_Exercise objective_
Everything in the data that follows has to be repeated verbatim.

_Information supplied_
☆ ☆ ☆ ☆

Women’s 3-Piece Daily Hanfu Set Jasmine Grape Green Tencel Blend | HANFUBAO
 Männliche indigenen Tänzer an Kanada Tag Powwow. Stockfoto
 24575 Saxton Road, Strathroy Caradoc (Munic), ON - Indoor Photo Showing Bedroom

☆ ☆ ☆ ☆

_Answer space_
Women’s 3-Piece Daily Hanfu Set Jasmine Grape Green Tencel Blend | HANFUBAO
 Männliche indigenen Tänzer an Kanada Tag Powwow. Stockfoto
 24575 Saxton Road, Strathroy Caradoc (Munic), ON - Indoor Photo Showing Bedroom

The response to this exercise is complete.